The first operator to consider is the x// operator, which means e(x)tract. When applied to a string, all the substrings that match the regular expression between // are passed on to the next operator in the pattern.
Given the source string "Atom-Powered Robots Run Amok" and the pattern "x/A.../" the result would be ['Atom', 'Amok']. The sregex module does that using the 'sres' function:
>>> list(sres("Atom-Powered Robots Run Amok", "x/A.../"))
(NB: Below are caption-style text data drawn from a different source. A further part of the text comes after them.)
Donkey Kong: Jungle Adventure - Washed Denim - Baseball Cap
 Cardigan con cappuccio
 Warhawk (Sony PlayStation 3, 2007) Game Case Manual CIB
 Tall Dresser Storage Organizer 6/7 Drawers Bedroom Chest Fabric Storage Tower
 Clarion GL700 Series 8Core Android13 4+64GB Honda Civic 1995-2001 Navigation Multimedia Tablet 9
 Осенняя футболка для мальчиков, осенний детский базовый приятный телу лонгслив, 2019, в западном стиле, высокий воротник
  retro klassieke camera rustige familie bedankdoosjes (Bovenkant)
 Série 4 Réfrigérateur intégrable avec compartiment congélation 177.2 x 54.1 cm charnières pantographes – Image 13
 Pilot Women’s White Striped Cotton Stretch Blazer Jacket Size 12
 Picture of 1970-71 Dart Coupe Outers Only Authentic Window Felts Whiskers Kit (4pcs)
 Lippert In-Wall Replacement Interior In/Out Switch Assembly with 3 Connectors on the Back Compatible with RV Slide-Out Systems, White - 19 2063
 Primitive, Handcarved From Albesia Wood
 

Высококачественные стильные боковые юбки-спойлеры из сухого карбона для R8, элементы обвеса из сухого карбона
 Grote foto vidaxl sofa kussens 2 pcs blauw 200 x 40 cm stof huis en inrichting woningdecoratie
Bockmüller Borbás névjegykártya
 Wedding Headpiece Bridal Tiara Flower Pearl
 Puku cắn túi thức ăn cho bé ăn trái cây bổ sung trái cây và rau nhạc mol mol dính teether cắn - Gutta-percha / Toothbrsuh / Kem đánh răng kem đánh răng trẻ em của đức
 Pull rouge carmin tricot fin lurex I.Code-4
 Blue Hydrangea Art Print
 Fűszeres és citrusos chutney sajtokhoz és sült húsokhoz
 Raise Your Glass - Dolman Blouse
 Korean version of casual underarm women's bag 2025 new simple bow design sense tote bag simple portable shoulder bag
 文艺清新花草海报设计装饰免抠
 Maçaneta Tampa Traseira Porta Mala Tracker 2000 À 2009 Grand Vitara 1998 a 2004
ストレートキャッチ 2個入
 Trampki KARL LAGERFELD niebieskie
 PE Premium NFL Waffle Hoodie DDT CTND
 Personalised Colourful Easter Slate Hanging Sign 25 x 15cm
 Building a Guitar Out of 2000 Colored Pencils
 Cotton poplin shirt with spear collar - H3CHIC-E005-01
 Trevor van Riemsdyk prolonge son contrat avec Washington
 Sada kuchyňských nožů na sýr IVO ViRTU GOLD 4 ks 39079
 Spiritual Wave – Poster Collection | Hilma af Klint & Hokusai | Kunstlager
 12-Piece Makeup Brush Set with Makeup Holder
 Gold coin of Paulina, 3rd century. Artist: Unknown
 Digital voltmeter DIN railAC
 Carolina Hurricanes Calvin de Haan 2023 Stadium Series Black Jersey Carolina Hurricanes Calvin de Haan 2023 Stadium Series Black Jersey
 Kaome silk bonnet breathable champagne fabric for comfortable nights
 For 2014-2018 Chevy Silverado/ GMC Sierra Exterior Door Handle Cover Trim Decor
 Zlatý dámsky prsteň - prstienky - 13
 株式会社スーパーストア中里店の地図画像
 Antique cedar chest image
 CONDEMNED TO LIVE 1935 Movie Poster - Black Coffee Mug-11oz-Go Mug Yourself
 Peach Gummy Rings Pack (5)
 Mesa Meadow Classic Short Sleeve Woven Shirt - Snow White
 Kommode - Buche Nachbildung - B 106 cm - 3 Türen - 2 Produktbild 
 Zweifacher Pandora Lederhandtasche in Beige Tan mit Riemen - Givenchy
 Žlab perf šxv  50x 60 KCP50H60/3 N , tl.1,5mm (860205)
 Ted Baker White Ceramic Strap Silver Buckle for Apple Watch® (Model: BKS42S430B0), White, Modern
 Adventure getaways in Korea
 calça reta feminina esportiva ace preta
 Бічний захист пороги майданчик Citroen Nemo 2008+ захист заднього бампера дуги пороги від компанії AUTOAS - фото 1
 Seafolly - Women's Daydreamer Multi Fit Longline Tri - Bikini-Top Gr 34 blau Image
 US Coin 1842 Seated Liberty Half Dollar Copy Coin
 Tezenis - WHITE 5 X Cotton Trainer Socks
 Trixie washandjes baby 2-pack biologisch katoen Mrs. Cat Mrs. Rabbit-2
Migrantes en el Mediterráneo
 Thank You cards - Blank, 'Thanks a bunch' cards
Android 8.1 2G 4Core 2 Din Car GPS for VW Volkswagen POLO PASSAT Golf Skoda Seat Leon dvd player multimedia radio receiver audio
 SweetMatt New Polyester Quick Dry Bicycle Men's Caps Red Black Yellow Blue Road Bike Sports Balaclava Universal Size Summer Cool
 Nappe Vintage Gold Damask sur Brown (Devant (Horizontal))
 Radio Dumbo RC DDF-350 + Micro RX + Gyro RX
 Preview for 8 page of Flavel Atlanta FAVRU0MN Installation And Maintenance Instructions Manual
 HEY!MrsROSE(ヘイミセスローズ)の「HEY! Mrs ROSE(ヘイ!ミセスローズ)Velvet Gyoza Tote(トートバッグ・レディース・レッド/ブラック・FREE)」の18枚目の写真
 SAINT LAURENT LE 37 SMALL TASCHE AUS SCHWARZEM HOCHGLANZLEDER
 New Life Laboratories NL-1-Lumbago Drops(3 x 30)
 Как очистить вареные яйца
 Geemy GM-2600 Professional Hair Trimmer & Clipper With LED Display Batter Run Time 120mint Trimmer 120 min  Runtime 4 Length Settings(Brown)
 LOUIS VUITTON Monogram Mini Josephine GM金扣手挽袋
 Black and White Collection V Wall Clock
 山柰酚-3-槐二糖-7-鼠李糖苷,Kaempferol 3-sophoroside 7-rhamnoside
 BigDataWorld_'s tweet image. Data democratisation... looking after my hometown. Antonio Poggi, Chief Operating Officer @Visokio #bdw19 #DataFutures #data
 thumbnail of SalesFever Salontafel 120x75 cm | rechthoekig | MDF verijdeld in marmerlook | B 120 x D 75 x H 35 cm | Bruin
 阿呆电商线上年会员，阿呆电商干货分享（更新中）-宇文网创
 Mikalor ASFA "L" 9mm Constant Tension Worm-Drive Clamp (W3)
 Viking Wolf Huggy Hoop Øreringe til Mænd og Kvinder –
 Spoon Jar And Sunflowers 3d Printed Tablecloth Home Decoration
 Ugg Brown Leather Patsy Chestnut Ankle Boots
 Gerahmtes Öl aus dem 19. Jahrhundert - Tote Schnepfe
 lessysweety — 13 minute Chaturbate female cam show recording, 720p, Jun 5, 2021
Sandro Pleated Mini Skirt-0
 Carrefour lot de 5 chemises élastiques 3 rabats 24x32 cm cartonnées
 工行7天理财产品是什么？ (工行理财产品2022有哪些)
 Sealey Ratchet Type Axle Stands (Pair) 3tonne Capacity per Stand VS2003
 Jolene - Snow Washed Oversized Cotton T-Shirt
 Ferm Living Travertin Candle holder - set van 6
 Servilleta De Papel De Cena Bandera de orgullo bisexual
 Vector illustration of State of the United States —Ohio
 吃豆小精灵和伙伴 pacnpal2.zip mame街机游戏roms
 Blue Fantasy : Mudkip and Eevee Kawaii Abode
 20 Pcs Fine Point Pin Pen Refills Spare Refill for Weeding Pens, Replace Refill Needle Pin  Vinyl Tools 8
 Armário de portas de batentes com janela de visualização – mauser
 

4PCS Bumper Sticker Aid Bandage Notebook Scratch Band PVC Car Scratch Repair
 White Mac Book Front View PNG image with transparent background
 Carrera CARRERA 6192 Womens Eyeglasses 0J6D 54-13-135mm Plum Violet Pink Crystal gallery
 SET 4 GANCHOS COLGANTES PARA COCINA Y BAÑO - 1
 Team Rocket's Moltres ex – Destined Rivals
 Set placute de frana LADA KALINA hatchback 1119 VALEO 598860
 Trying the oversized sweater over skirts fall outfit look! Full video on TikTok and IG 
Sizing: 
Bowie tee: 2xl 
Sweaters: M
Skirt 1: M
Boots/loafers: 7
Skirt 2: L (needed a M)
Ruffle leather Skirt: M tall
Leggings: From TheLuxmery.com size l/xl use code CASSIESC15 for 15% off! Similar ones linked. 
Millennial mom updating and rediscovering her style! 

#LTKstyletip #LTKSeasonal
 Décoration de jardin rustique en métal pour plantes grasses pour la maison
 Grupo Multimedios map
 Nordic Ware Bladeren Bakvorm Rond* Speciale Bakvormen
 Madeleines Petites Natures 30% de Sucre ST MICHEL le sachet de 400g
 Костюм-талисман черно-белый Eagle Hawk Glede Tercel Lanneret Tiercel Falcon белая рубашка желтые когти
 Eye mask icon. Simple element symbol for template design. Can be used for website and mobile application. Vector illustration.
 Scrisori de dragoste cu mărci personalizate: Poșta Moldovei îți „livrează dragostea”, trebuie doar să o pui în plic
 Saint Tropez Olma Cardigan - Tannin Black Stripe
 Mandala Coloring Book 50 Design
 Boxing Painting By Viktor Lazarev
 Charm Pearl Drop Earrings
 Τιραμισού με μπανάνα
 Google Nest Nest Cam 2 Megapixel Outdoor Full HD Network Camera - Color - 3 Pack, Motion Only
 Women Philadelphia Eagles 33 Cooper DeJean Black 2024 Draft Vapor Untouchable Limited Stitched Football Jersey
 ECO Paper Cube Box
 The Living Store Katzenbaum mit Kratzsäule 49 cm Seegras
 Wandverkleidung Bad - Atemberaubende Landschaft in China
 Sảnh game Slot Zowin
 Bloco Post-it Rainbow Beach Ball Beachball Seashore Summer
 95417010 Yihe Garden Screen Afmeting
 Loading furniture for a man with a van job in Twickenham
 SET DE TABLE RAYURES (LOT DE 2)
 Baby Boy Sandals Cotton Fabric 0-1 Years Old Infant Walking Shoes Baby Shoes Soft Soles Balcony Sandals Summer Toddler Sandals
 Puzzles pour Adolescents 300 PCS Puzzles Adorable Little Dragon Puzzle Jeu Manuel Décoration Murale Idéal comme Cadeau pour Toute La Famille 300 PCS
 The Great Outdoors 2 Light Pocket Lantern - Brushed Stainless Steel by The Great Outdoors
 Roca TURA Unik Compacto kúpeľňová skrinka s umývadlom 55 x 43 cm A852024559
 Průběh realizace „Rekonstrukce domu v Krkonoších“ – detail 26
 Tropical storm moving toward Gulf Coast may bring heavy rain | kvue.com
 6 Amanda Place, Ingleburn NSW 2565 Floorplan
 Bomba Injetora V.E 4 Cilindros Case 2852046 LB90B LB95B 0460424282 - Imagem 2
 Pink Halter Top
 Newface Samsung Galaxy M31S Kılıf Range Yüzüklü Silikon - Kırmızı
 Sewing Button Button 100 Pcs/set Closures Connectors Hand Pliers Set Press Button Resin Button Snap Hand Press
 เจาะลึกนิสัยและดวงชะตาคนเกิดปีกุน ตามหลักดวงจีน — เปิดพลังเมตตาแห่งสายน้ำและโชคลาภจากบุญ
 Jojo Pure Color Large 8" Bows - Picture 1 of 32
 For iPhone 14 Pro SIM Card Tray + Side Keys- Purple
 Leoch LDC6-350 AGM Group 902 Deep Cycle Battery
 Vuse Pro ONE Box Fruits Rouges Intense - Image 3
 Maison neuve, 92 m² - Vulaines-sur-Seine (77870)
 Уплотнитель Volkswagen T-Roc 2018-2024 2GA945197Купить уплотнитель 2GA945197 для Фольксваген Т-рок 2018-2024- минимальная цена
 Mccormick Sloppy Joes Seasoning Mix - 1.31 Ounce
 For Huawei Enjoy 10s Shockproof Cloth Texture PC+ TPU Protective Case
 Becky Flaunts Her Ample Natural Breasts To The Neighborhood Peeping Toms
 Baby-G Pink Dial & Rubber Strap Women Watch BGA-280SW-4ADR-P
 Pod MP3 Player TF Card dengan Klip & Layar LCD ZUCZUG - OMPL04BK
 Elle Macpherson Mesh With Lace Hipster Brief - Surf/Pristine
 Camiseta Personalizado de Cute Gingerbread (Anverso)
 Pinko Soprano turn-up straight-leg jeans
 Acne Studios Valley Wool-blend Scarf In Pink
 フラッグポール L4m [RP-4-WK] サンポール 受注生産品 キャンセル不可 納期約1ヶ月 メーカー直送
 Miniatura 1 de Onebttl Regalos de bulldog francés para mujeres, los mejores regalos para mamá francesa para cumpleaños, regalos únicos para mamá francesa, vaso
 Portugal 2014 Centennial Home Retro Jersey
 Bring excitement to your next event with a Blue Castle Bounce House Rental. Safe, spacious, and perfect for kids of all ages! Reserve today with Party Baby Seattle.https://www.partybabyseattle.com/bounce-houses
['Atom', 'Amok']A pattern can contain mulitple operators, separated by whitespace, which are applied in order, each to the result of the previous match.
>>> list(sres("Atom-Powered Robots Run Amok", "x/A.../ x/.*m$/"))
['Atom']There are four operators in total:
x/regex/ - Matches all the text that matches the regular expression
y/regex/ - Matches all the text that does not match the regular expression
g/regex/ - If the regex finds a match in the string then the whole string is passed along.
v/regex/ - If the regex does not find a match in the string then the whole string is passed along.
>>> list(sres("Atom-Powered Robots Run Amok", "y/ /"))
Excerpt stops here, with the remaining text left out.